Tiadaria held him that way for a long time. Finally, she reached up and brushed his eyes closed with the tips of her fingers, closing the eyes that had seen so much and told her even more. It wasn’t for another few moments that she realized that her sobbing was the only sound she could hear. Looking up, she saw faces around her she recognized. Torus and Faxon, Adamon, the soldiers she had fought beside. Valyn stood there, a bloody graze across his forehead, his armor much dented, pierced by claw, and burnt by spell. They were ranged around her in a wide circle; sword and staff plunged into the earth.
In that simple accord, all of them standing as one, in unison, they honored their fallen hero. For the Captain had been a hero to all of them, on the battlefield and off, for as long as any of them could remember. Their vigil touched her in a way that no words ever would. Her throat was so tight she couldn’t speak. The men bowed their heads even as a pathway opened up through the ranks.
Heron Greymalkin, stooped over his cane, made his way slowly into the middle of the circle where the Captain’s body lay. He dropped to his knees beside Tiadaria and took her hand in his. Then he wept.
Chapter 16 — Last Call
The morning outside her room was cold and gray. It matched the numbness that she felt. Tiadaria had stayed in the palace after the battle, given a fine room with a deep, plush bed. The curtains were velvet and royal purple. The rugs were expertly woven and soft on her bare feet. It was a spectacularly beautiful room and it would have made her very happy if she had been able to experience it.
Instead, she stood at the window and peered out from the open maw of the cavern, across the city. The battlefield was hidden from view by a hundred different intervening buildings, but she could feel it. That was where the Captain had died, where she had held him for the last time. Where her heart had broken. It had only been two days ago, but it felt like two years. They would put his body in the ground today, the last remnant of the legacy of the great man he had been.

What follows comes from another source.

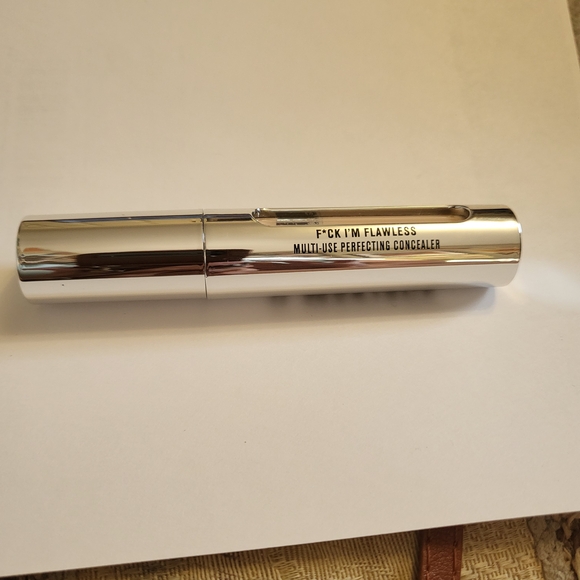 Silver Multi-Use Perfecting Concealer - Picture 2 of 4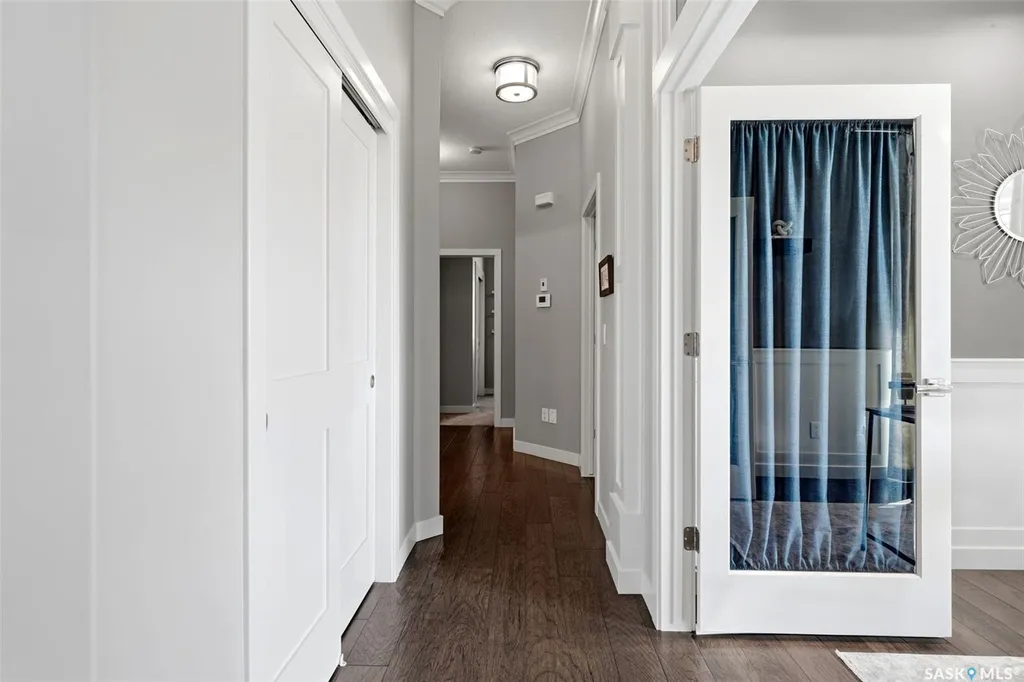 4410 Sage Crescent E Regina SK S4V 3H7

There was a light rapping at the door, but she ignored it. She didn’t want to see anyone and she certainly didn’t want to talk to anyone. It seemed like all she had left to offer anyone who came calling were tears and bitterness. There was another rap at the door. Still she didn’t move. She stood there, standing, staring, her eyes straining as if she could see through the buildings to the spot where he had died.
Tiadaria heard the door open and whirled; ready to demand that she be left alone. It was Faxon who entered, his chestnut brown beard a stark contrast to his pale skin and cream-colored robes. He looked as tired and drawn as she felt. She couldn’t even muster the strength to cast him out, so instead she turned back to the window. He closed the door softly and came to stand beside her.